Risk assessment of soybean rust based on its distribution, variance and influence of environmental parameters in eastern and southern Africa.

Soybean is increasingly becoming an important legume crop in Africa because of its role in providing valuable protein and oil and significant potential for food and animal feed in the region. Commercial soybean production on large farms takes place in Zambia, Zimbabwe and South Africa. However, it is mostly cultivated by small-scale farmers in other parts of Africa where it is planted as a minor food crop among sorghum, maize, or cassava. Approximately 6.6 million households grow soybean in sub-Saharan Africa with an estimated increase in production of 2.3% per year.

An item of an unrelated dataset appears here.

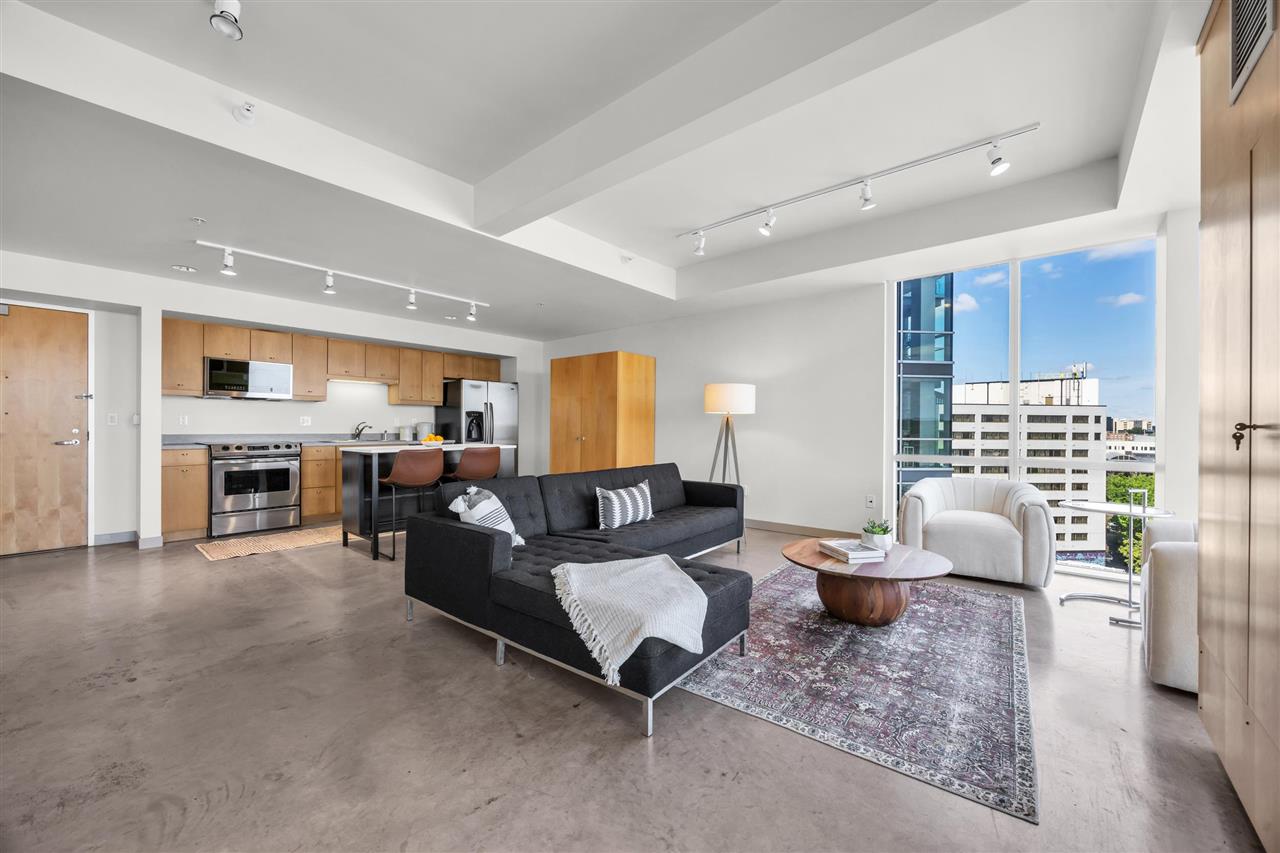 221 E College St Unit: 801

The importance of soybean is directly linked to its nutritional content as it contains 40% protein and 20% oil in additional to essential minerals. Asian soybean rust (Phakopsora pachyrhizi) is an important disease causing massive yield losses estimated at 10-90%. The spores are perfectly adapted to long distance dispersal through wind patterns resulting in epidemics in new and disperse geographical locations. The risk of the disease establishing itself in new areas is difficult to determine because of a lack of effective monitoring mechanisms and because the disease is inherently difficult to diagnose. The fungus is highly variable with different pathotypes of the pathogen identified in different countries worldwide. Ineffectiveness of known single dominant resistance genes when challenged with isolates of Phakopsora pachyrhizi from different continents has been reported. Early and accurate detection of the fungus combined with prevailing wind patterns, can facilitate the mapping of soybean rust distribution and monitor the risk of spread. Therefore this project aims at developing rapid diagnostic methods to monitor rust before its establishment in the field. The predominant pathotypes of the pathogen present and their distribution in the region will be determined using soybean rust host differentials and molecular analysis using SSR markers. Knowledge of the predominant pathotypes in the region will enhance targeted deployment of resistant germplasm for better disease management.